Somewhat, I don’t fully agree: there is a big difference between “selling yourself and your ideas” and “selling products as a profession”.
- Misleading Research Attributions
As “How to Lie With Statistics” shows research and statistics can be used to make any point, and in my opinion, they are even more dangerous because they can provide a semblance “of truth”.
There were a few instances in which I felt that the words “research says” were used to give a semblance of certitude where there cannot be any certitude.
- Misleading Generalizations From Research
I felt that the author jumped to some misleading conclusions with some research.
For example, he says that granular numbers are more effective than coarse numbers, but then the comparison was not between similar products, and “effective” is a major generalization considering the research only measured a very specific product characteristic.
- Somewhat Disjointed
“To Sell Is Human” moves from self-promotion to sales ethics and morals to when to present for maximum effectiveness, as well, as what to improve theater teaches how to sell better.
It feels somewhat disjointed at times and more like a random collection of research and psychology papers.
- Some Bad Advice For Self-Development
In my opinion, some advice was poor.
For example, the author says to “count all the rejections you got” to understand that rejections don’t kill.
But unless one already has an antifragile ego, focusing on rejection can be both painful and harmful.
- Some Bad Selling Advice (The Customer is Doing You A Favor)
The author presents Seth Godin, introduced as a “marketing guru”, to advise selling from a position where the customer is always doing the salesman a favor.
This connects to the principle that “lowering your status” can help in attuning to the customer.
But I disagree here: it’s a big generalization that doesn’t hold true in many selling situations.
PROS
- Wonderful Psychology
Daniel Pink delivers some great pearls of wisdom when it comes to the psychology of selling and the psychology of happiness and self-development.
For example, he debunks the common misconception in sales that it’s best to always tell oneself that “you can do it, you’re the best”, which is bandied by basically all sales books.
He explains that too positive self-talk has an upper limit and that some negative or critical self-analysis is helpful (also read: how to leverage failure).
- Great Humor
I absolutely loved the sarcasm of these two lines:
Joe Girard is the world’s greatest salesman.
I know, because he told me.
LOL, priceless :D.
Then, a little later, says Pink:
But there is one more thing you need to know about Joe Girard. He hasn’t sold a car since 1977.
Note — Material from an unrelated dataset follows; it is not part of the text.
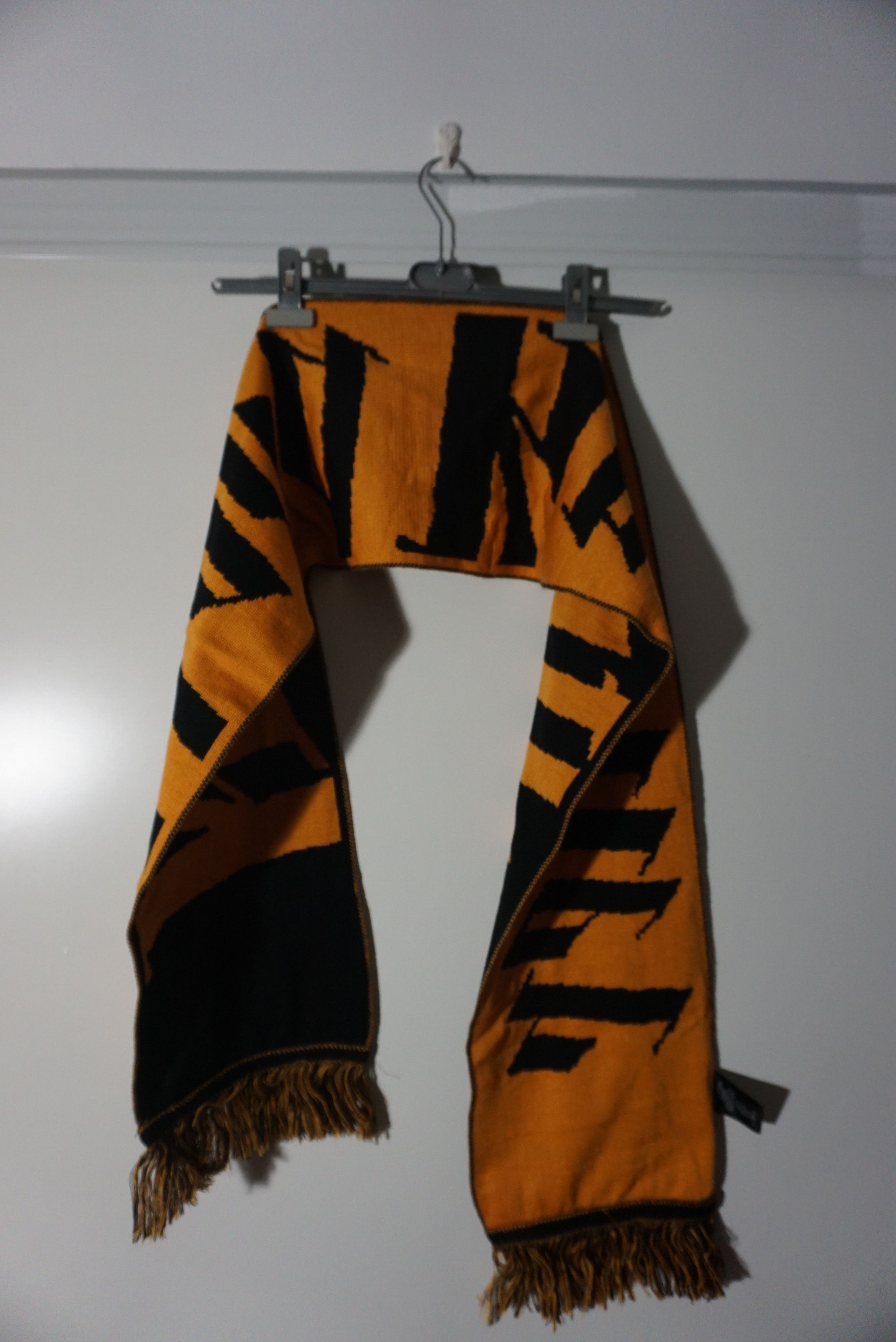 Blood Brother BNWT AW17 BLOOD BROTHER DARK THAMES SCARF Size ONE SIZE - 3 Thumbnail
He quit his business more than three decades to teach others how to sell.
- Wonderful audiobook voice
Daniel Pink actually reads his audiobook himself. I appreciate that, and the other listeners will too because he can make that writing come alive.
To Sell Is Human – Review
I don’t fully agree with the idea that an ethical approach to sales -and success- is the best and most effective approach for your bottom line.
To me, it’s very polly-annish.
I wish that an ethical approach to anything in life was the most effective.
The evidence that any critical observer can gather is clear: an ethical approach to life offers no inherent advantage when it comes to personal success.
Also read:
Aside from that, I absolutely loved “To Sell Is Human”.